Improve your Portfolio – Sell Home Depot

By Dr. Paul Price

One of the toughest investor decisions is to part with a stock that has performed brilliantly. Seeing a ticker in your portfolio that is a major winner makes you feel smart. Selling it extinguishes any chance for further gains and that ‘big percentage’ gainer is erased from your actively held list.

The old adage, “Cut your losses short, but let your winners run” is often employed when holding on to stocks that have already run up substantially. How can you rationally decide to take profits?

Valuation is the key. If shares are trading at well higher than their own typical valuation metrics, it’s usually the right move to kiss them goodbye.

 Key metrics to compare

Determining ‘normal’ requires going over historical data for that same company’s shares. Value Line, Standard & Poors etc. provide good compilations of 10 – 15 years of values. Why be the fool who pays more for every dollar of earnings, book value  or cash flow than others have paid over previous multi-year periods? Why accept a lower dividend than buyers of the same stock have received over the previous five or ten years?

The chart shown below speaks volumes about the present day valuation of Home Depot (HD) based on two of my criteria. At the most recent three ‘best buying opportunities’ HD was available at 9.8x – 16.3x trailing EPS. Holders locked in 3.3% – 5.1% dividends at those low points.

HDJan.2009-Feb.15,2013

Today, Home Depot commands greater than 22 times estimated earnings for FY 2012 which ended Feb. 2, 2013. Actual results will be announced on Feb. 26. The 1.72% yield is about one-third what was paid at the March 2009 nadir.
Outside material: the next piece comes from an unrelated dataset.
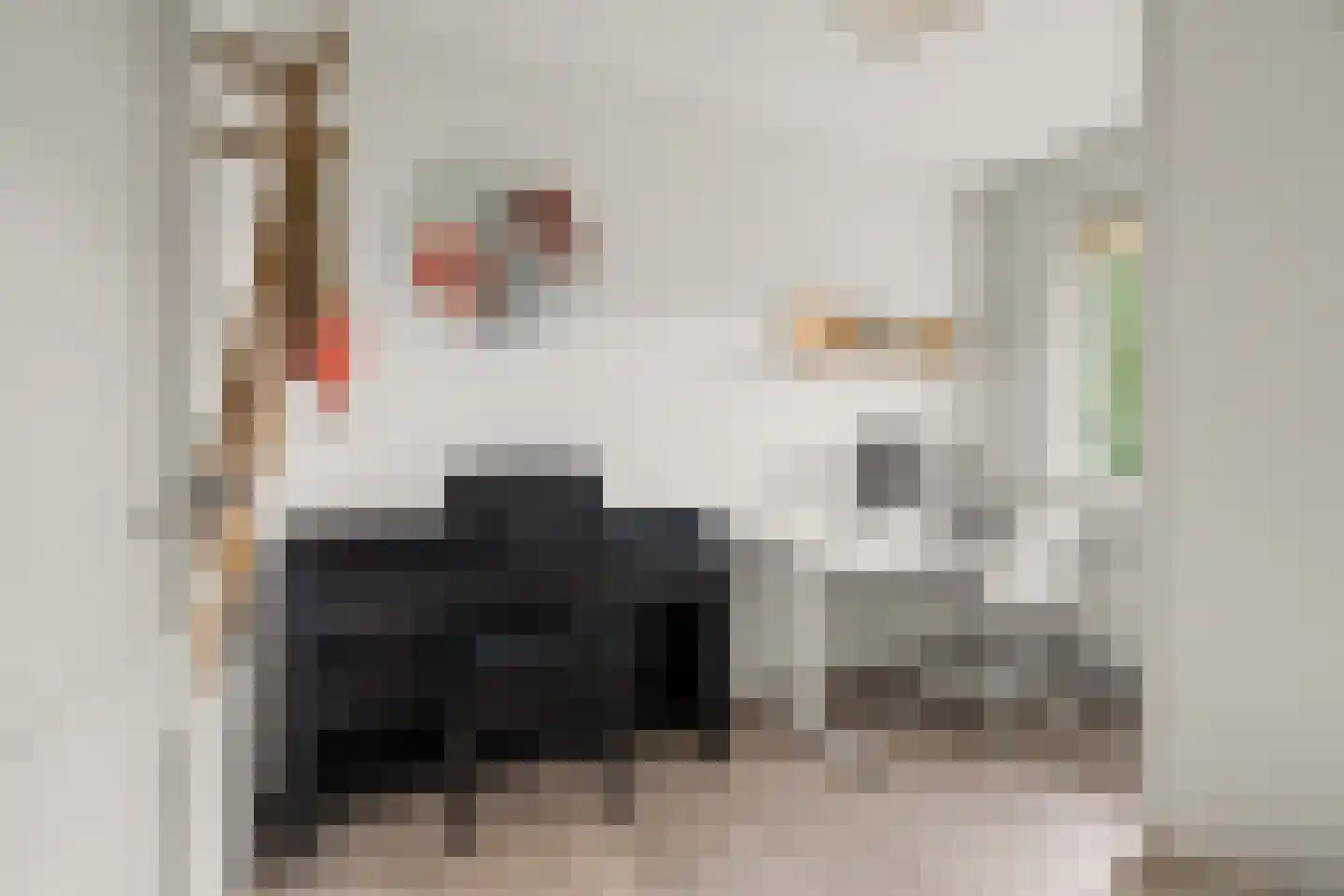 Dahliatuin 11 Houten thumbnail 34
It is less than half of what could have been locked in as recently as August of 2011.

History tells us that HD has traded for much more reasonable valuations during most of the past decade. Home Depot’s P/E is almost 50% above normal. At $67.51 price / book value is now more than 5.6x. At the last three lows it was 1.7x, 2.3x and 2.4x respectively. Price to cash flow hasn’t been this extreme since 2002.

HD Average Annual P-Es   2002 - 2011

 

Respected research firms Trefis and S & P each indicate rarely found SELL ratings on Home Depot. Trefis sees more than 12% downside from last week’s close.

 

HD    Trefis rating

 

Standard & Poors enigmatically calls fair value as $60.30 while maintaining a 12-month price target of $50. Either way it makes for a bad hold at current prices.

 

 HD   S&P rating

Applying a slightly higher than average 16 multiple to Zacks’ FY 2013 estimate of $3.47 would only support a $52.05 goal by this time next year. Today’s price falls within the 2015-2017 price range expected by Value Line.  That range is premised on optimistic EPS growth of 43% between now and 2017. The Home Depot is clearly overpriced on a rational basis.

Expensive shares can sometimes get even more expensive. Holding onto them on the possibility of that happening is a statistically bad bet.

If you are lucky enough to be long HD, I think it’s time to take profits. Speculators might wish to buy some puts out to January 2014 or 2015. A reversion to more typical valuation levels could make those quite profitable on a stock that has already priced in years of improvement that may not materialize.

HD option prices  Feb. 15, 2013

Disclosure: No HD position at the time of writing.